**What is required:** Scan the entries for the word "with". Every line that has it should be copied.

**Information supplied:**

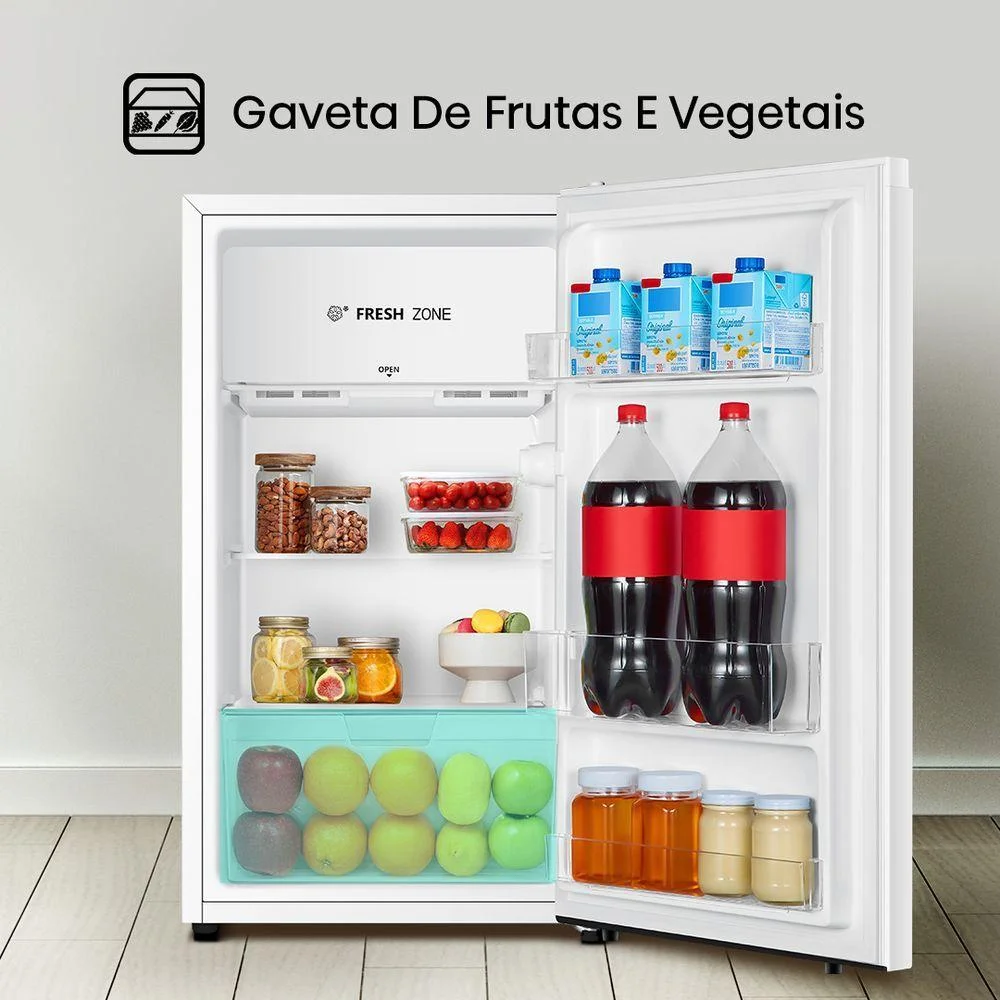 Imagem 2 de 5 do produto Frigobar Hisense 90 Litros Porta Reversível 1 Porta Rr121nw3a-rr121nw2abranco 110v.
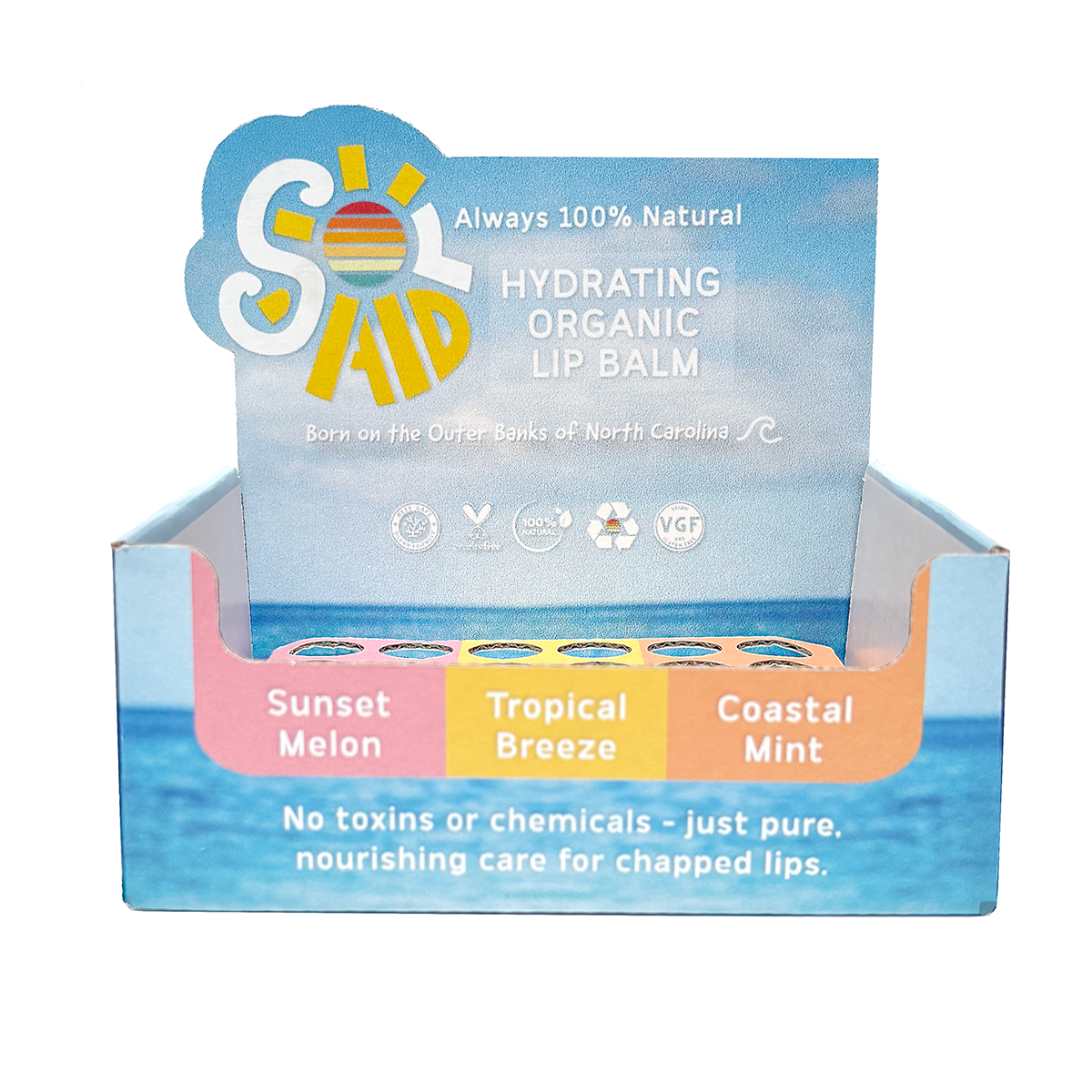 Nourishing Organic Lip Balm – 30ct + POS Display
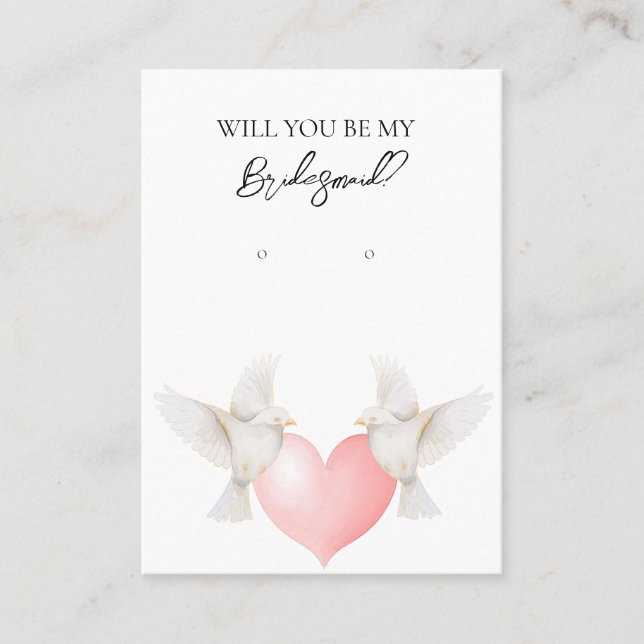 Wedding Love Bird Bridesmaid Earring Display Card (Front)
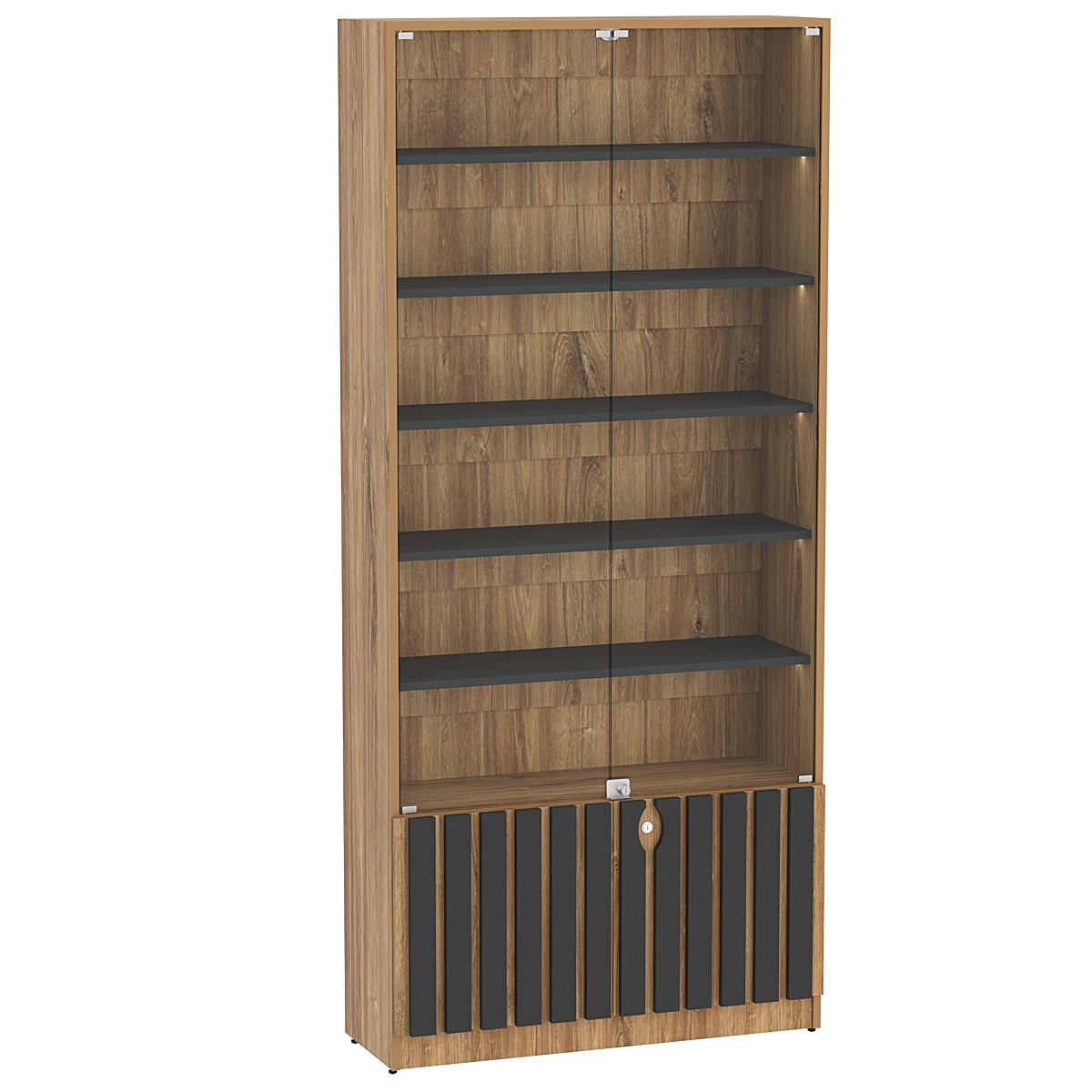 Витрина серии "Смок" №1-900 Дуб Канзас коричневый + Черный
--
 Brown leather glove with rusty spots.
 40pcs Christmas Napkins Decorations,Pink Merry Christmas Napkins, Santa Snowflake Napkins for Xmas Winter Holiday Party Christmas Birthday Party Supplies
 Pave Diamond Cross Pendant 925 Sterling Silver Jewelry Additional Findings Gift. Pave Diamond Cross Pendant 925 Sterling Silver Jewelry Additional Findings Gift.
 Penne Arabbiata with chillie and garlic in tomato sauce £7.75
--
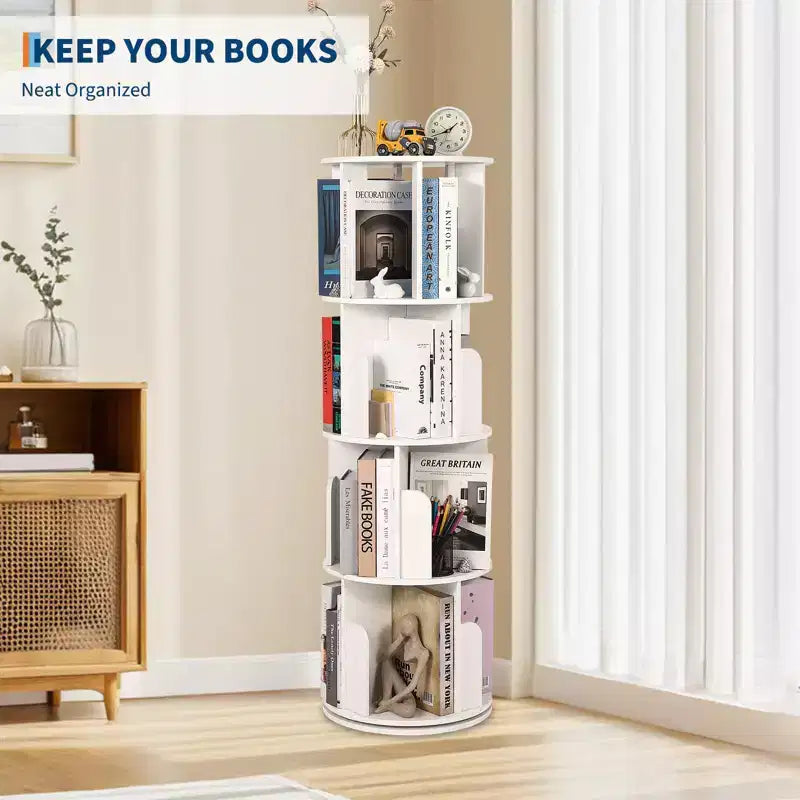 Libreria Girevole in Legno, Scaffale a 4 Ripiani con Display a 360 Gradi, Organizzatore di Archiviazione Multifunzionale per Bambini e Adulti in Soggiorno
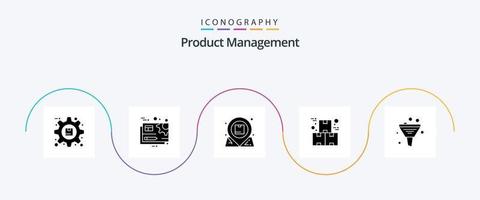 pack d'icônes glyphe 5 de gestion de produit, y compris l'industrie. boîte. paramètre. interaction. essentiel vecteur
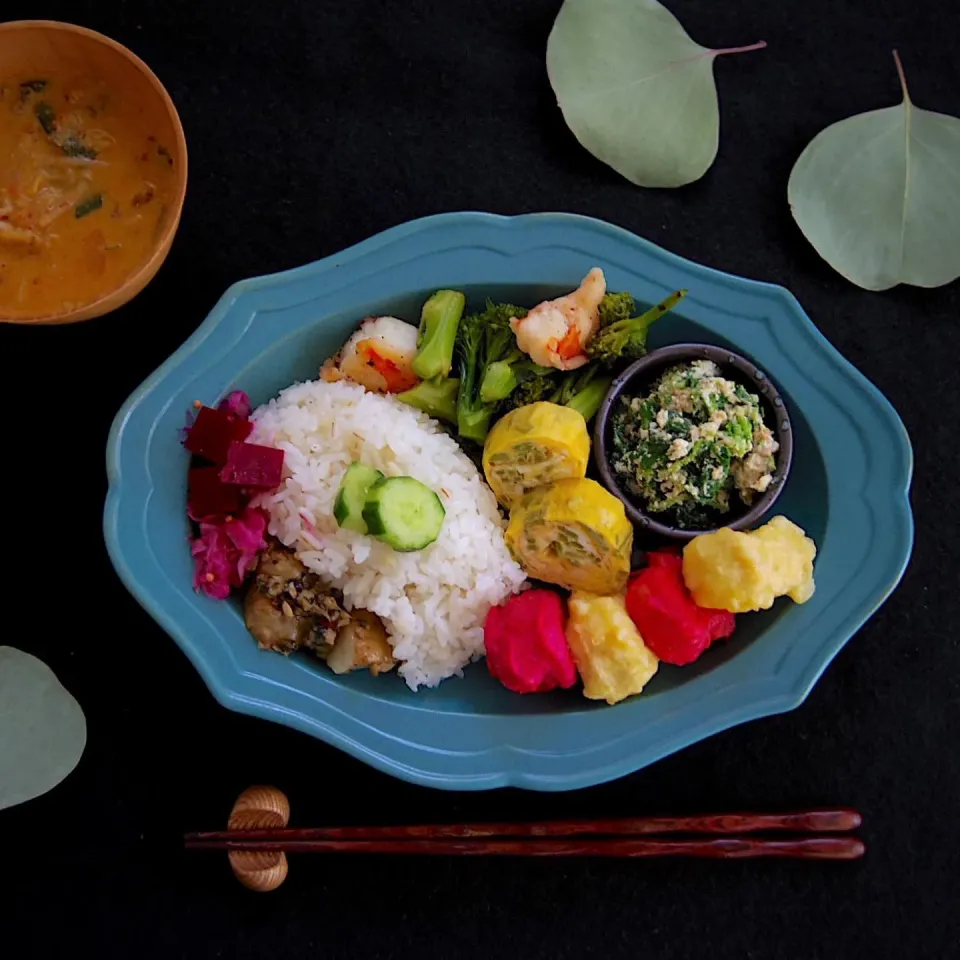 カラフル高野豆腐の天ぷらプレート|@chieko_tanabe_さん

**Result of this exercise:**
 Brown leather glove with rusty spots.
 Penne Arabbiata with chillie and garlic in tomato sauce £7.75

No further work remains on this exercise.